▶ _Your goal_:
Within the listing below, give again exactly the lines between the one containing "Poster a sleek" and the one containing "Alwin China RTS", inclusive, pictures left aside.
*** The records ***
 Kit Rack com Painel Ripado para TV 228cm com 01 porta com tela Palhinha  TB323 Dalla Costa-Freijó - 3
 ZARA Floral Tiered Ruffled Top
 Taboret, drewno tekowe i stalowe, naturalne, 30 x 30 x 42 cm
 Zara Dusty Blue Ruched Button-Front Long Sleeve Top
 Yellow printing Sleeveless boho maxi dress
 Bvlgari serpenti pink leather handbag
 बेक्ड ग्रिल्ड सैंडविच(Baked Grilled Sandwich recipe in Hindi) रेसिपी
*** End of The records ***
*** The records ***
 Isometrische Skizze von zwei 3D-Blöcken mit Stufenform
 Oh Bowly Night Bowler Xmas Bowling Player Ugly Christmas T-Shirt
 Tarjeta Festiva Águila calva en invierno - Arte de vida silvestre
*** End of The records ***
*** The records ***
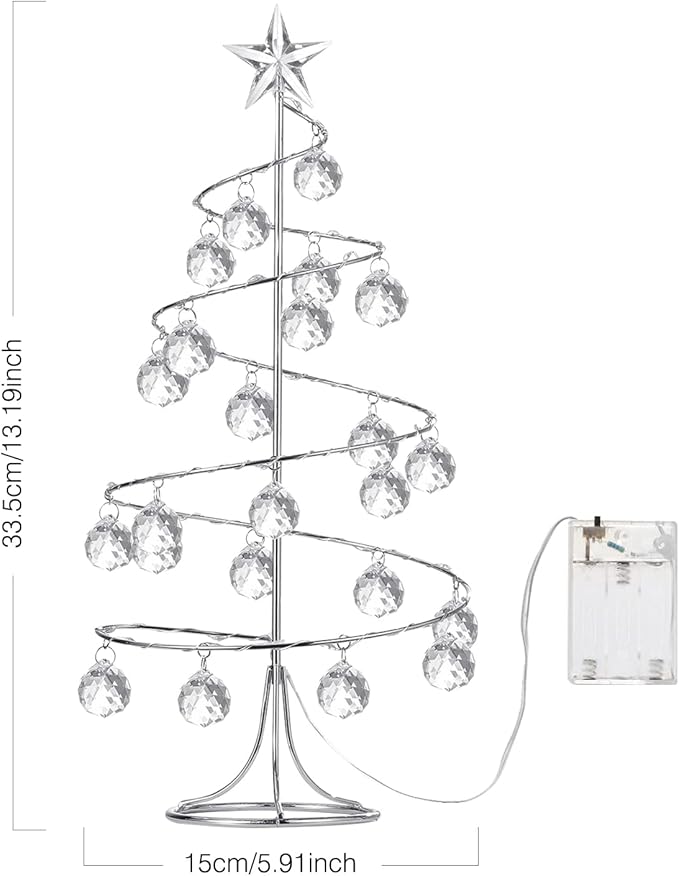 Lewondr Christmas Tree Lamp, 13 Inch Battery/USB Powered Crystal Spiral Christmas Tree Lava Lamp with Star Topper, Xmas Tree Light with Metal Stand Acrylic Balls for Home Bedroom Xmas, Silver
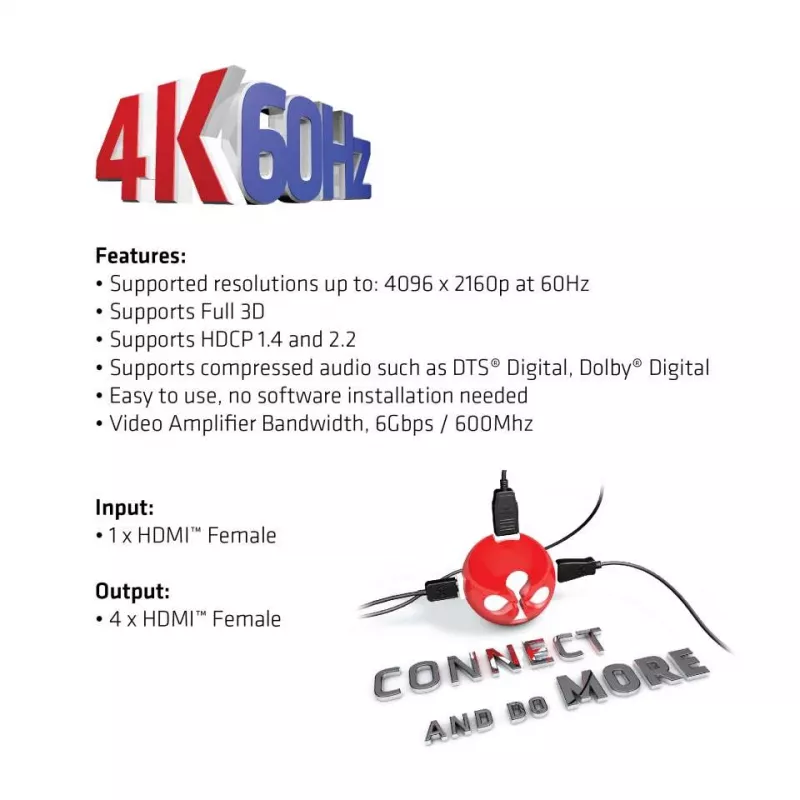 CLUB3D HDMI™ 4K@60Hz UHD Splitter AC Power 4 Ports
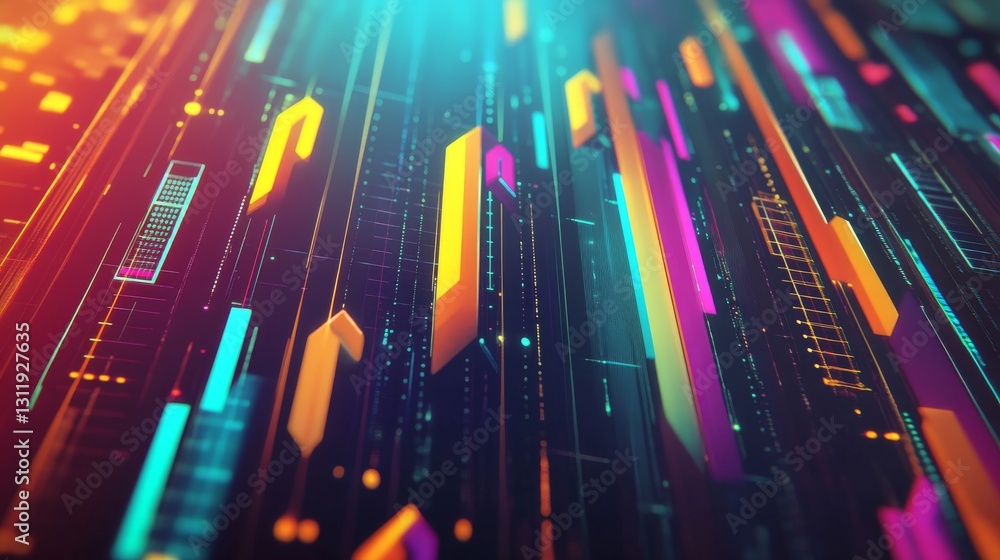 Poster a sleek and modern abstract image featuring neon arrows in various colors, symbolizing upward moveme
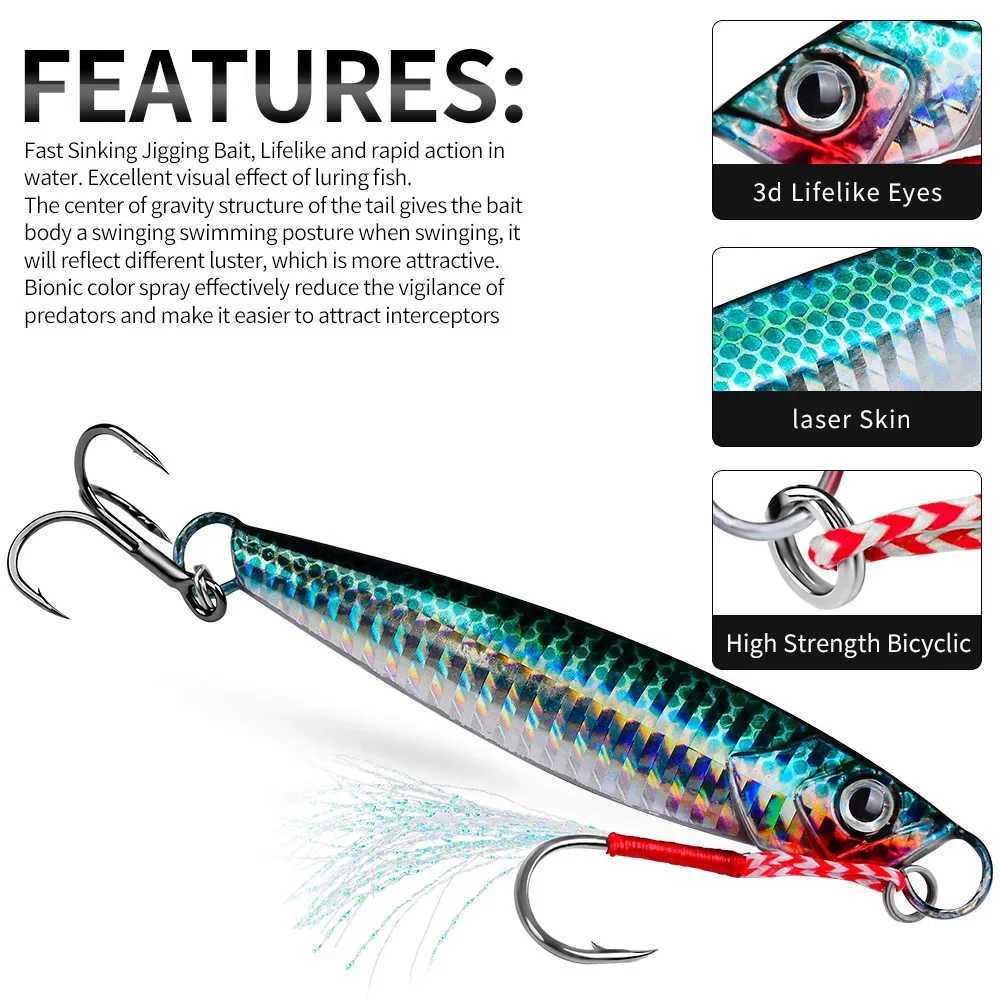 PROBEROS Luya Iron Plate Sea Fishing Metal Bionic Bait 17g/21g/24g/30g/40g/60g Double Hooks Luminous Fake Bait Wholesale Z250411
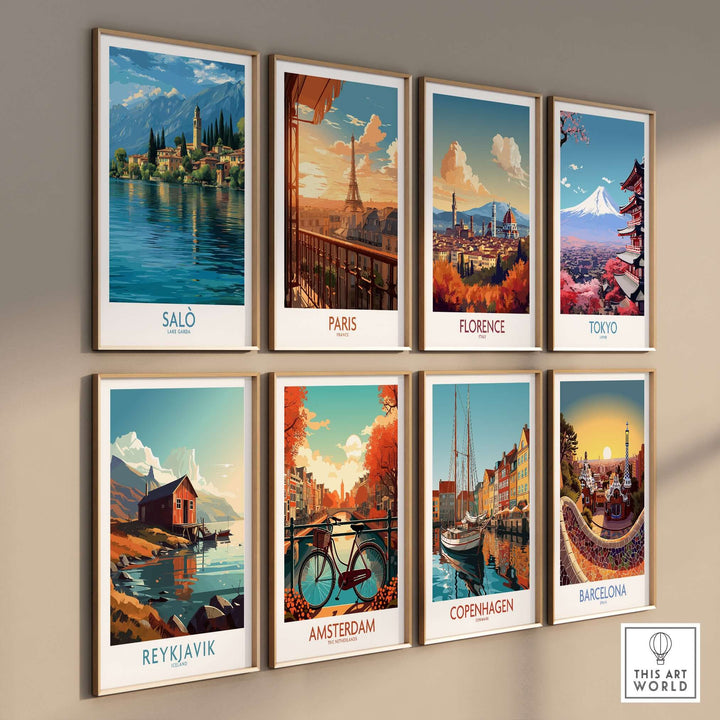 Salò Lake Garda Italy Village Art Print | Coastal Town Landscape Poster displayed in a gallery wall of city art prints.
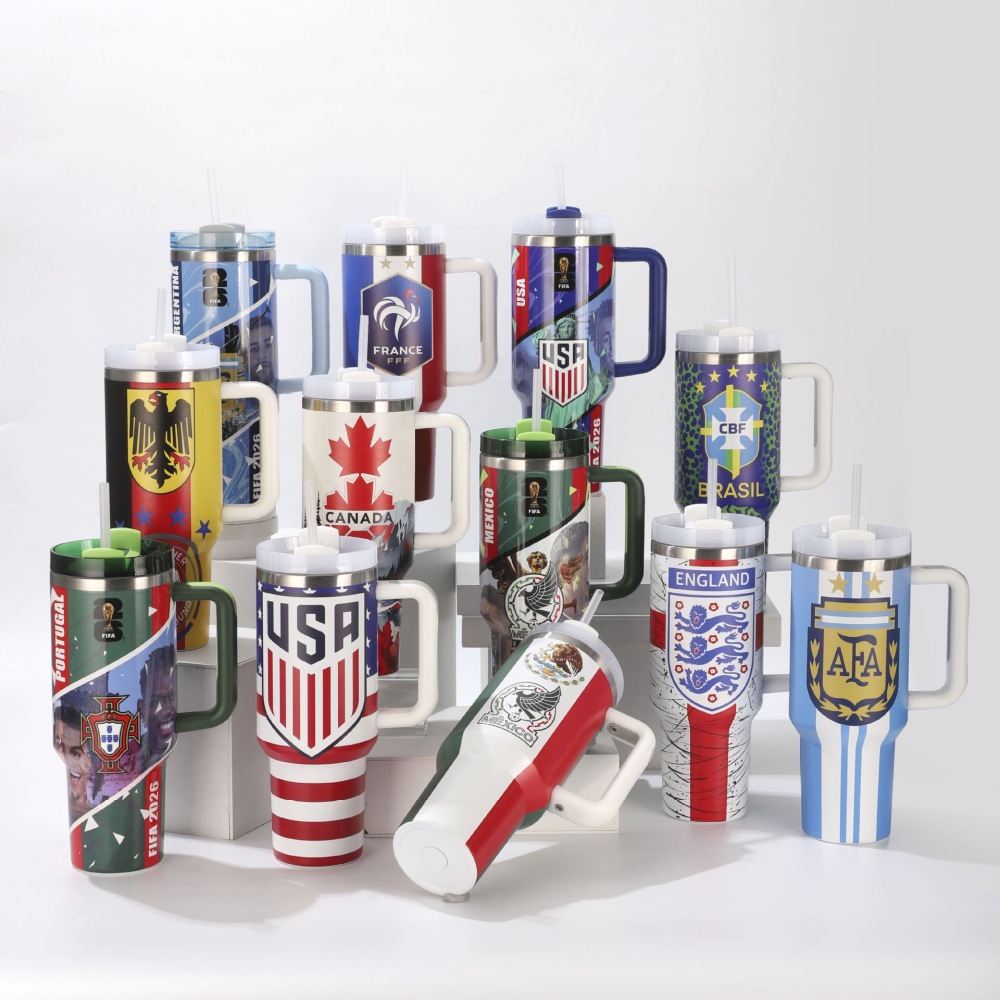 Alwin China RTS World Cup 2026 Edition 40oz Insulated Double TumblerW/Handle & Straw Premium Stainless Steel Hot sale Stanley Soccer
*** End of The records ***
▶ _Answer below_:
 Poster a sleek and modern abstract image featuring neon arrows in various colors, symbolizing upward moveme
 PROBEROS Luya Iron Plate Sea Fishing Metal Bionic Bait 17g/21g/24g/30g/40g/60g Double Hooks Luminous Fake Bait Wholesale Z250411
 Salò Lake Garda Italy Village Art Print | Coastal Town Landscape Poster displayed in a gallery wall of city art prints.
 Alwin China RTS World Cup 2026 Edition 40oz Insulated Double TumblerW/Handle & Straw Premium Stainless Steel Hot sale Stanley Soccer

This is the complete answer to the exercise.